157 A. 897 | Md. | 1932
The question in this case and the next is whether the power or warrant in a promissory note authorizing an attorney to confess judgment for the amount due can be exercised, *2 and the judgment confessed and entered, under that authority, when the debtor has previously become insane. The question assumes that the maker was competent at the time of the making of the note; insanity at that time would go to invalidate the note and the power in it from the beginning. It is a question of the applicability of the rule that incompetency of a principal or donor of a power revokes authority or power previously given.

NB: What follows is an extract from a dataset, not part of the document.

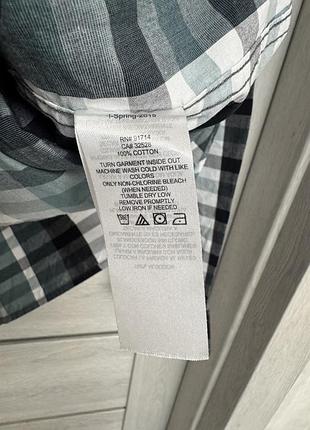Сорочка armani exchange 6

In this first case, the note was made by Joel Acker under date of December 3rd, 1929, he was adjudged a lunatic on April 9th, 1930, and judgment on the note was confessed and entered on April 28th, 1930. Nearly a year later, on March 5th, 1931, the committee filed a motion to strike out the judgment by confession because of the intervening lunacy, and the motion was overruled. The appeal is from the overruling of that motion.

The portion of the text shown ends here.